Un Laurent en Turakie
Il entre au Turak Théâtre en 2007 et s’apprête aujourd’hui, à la fin de la tournée de Carmen, à se lancer dans d’autres projets loin du théâtre d’objets de Michel Laubu. « Le premier spectacle, Intimae, on l’a joué au Théâtre de Vénissieux comme À notre insu, en 2010. J’ai commencé comme musicien de scène et compositeur et, depuis cinq ans, je me suis mis aussi à la vidéo. »

Outre pour le Turak, Laurent a également signé quelques vidéo-poèmes pour Armand le poête, alias Patrick Dubost. Côté musique, il a retrouvé depuis 2012 son copain de toujours, le trompettiste Fred Roudet, au sein de Possible(s) Quartet, aux côtés de Rémi Gaudillat et Loïc Bachevillier. « Avec Fred, on a commencé ensemble à l’école de musique et on a partagé les aventures de No Man’s Land, la Tribu Hérisson, Treffort et le Turak. J’ai de la chance de jouer avec lui depuis 30 ans. Il y a une telle émotion, dans son jeu… « 

Le festival Rhino Jazz de Rive-de-Gier a passé une commande à Possible(s) Quartet, Imperial Quartet et à quatre musiciens américains qui sont sur le dernier album de Bowie de faire des créations autour de l’œuvre du génial chanteur britannique. « Daniel Yvinec, directeur de l’Orchestre national de jazz, a proposé à chaque groupe une liste de morceaux. Nous avons écrit nos arrangements et il a ensuite aiguillé nos répétitions. Nous avons créé cet hommage à Bowie, We Could Be Heroes, le 14 octobre dernier à Saint-Chamond et avons obtenu un gros succès. Nous allons maintenant le tourner — entre autres le 26 janvier 2018 au théâtre Jean-Marais, au cours du Saint-Fons Jazz Festival — et le disque, enregistré en février, sortira à l’automne. »

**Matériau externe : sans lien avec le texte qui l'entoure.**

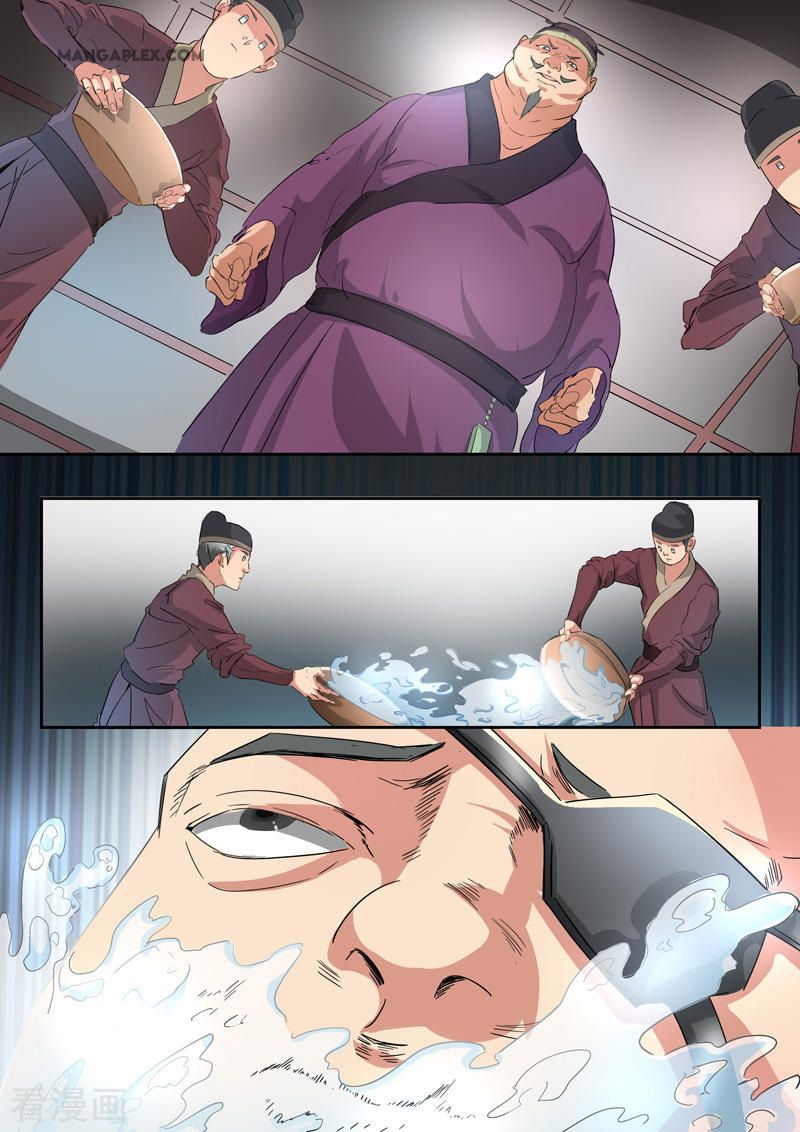 Page 7 of Chapter 396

Autre projet, cette fois avec Stephan Roelants, l’auteur d’un documentaire sur Une Carmen en Turakie qui va sortir prochainement en DVD : « Il a flashé sur le Turak et nous a suivis pendant deux ans. Il est aussi chanteur et nous allons faire un disque ensemble, avec des musiques que j’ai écrites sur ses textes. Je répète aussi en ce moment avec l’ensemble Odyssée un spectacle que l’on créera dans un an. »

Une Carmen en Turakie, le 1er décembre à 20 heures au Théâtre de Vénissieux.